Which lines run from the one containing "ROXUN Arm Sleeves" through the end of the entries? Restate them word for word, and only those.

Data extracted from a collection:

------------------------------

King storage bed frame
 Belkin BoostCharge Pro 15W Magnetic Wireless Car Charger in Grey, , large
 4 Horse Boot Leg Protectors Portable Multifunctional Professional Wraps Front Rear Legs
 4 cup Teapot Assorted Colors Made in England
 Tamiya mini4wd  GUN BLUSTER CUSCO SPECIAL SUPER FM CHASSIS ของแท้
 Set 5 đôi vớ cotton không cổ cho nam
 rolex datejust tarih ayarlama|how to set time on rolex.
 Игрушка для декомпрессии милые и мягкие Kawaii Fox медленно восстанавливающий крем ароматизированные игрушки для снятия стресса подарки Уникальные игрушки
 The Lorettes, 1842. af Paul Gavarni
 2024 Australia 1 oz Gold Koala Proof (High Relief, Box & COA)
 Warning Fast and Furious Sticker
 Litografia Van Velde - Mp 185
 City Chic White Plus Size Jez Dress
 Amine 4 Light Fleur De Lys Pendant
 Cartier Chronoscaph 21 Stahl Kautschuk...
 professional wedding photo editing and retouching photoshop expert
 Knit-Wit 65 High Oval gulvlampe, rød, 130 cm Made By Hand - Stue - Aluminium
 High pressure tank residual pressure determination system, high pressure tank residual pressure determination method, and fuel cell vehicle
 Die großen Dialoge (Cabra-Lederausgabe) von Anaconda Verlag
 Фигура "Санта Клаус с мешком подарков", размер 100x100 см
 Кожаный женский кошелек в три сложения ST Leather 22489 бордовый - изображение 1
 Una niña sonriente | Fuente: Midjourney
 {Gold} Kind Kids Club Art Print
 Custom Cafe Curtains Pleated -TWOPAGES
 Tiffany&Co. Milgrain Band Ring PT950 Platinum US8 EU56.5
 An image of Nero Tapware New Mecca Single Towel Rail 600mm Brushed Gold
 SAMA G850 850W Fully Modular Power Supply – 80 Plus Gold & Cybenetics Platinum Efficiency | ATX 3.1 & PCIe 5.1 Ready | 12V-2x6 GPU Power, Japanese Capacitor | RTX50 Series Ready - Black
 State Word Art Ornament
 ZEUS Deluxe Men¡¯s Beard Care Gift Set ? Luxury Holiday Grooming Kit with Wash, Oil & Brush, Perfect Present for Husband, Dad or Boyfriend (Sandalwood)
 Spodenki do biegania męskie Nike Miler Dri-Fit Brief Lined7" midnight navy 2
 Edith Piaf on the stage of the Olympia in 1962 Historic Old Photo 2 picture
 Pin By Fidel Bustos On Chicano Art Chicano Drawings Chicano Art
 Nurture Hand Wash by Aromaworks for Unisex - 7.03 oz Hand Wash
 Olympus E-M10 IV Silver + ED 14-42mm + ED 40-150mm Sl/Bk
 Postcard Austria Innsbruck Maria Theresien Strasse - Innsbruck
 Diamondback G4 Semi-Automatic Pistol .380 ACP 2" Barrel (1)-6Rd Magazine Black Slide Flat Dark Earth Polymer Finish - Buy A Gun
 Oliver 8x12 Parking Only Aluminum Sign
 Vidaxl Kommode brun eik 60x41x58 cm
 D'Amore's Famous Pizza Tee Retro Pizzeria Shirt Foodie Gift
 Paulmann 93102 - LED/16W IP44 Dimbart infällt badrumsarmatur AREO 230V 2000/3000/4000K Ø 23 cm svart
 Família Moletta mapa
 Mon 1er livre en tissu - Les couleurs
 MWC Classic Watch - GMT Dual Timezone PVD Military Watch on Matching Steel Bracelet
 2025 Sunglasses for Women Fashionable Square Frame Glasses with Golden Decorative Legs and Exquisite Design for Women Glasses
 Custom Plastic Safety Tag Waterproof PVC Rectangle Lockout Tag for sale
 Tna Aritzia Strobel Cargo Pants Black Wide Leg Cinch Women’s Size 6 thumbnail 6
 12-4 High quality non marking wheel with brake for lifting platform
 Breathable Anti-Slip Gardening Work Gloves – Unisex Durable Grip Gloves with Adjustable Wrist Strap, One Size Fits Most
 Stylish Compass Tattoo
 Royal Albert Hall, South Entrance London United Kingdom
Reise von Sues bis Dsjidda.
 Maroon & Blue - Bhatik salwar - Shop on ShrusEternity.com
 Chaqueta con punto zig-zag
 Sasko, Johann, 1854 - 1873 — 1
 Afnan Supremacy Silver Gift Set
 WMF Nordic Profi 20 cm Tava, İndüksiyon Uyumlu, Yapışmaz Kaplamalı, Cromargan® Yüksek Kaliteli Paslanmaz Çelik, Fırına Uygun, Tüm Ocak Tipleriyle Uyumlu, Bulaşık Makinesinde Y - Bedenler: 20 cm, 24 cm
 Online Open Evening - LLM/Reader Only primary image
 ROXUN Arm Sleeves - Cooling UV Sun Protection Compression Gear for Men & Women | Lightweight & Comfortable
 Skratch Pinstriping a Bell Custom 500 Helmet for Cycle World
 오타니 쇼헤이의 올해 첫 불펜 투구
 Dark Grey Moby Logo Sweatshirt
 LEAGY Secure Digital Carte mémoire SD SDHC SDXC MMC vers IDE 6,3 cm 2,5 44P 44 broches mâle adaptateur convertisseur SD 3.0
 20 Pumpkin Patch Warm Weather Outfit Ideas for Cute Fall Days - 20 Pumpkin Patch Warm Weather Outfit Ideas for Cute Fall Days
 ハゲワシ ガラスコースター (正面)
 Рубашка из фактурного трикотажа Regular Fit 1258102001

------------------------------

ANSWER FOR THIS EXERCISE -
 ROXUN Arm Sleeves - Cooling UV Sun Protection Compression Gear for Men & Women | Lightweight & Comfortable
 Skratch Pinstriping a Bell Custom 500 Helmet for Cycle World
 오타니 쇼헤이의 올해 첫 불펜 투구
 Dark Grey Moby Logo Sweatshirt
 LEAGY Secure Digital Carte mémoire SD SDHC SDXC MMC vers IDE 6,3 cm 2,5 44P 44 broches mâle adaptateur convertisseur SD 3.0
 20 Pumpkin Patch Warm Weather Outfit Ideas for Cute Fall Days - 20 Pumpkin Patch Warm Weather Outfit Ideas for Cute Fall Days
 ハゲワシ ガラスコースター (正面)
 Рубашка из фактурного трикотажа Regular Fit 1258102001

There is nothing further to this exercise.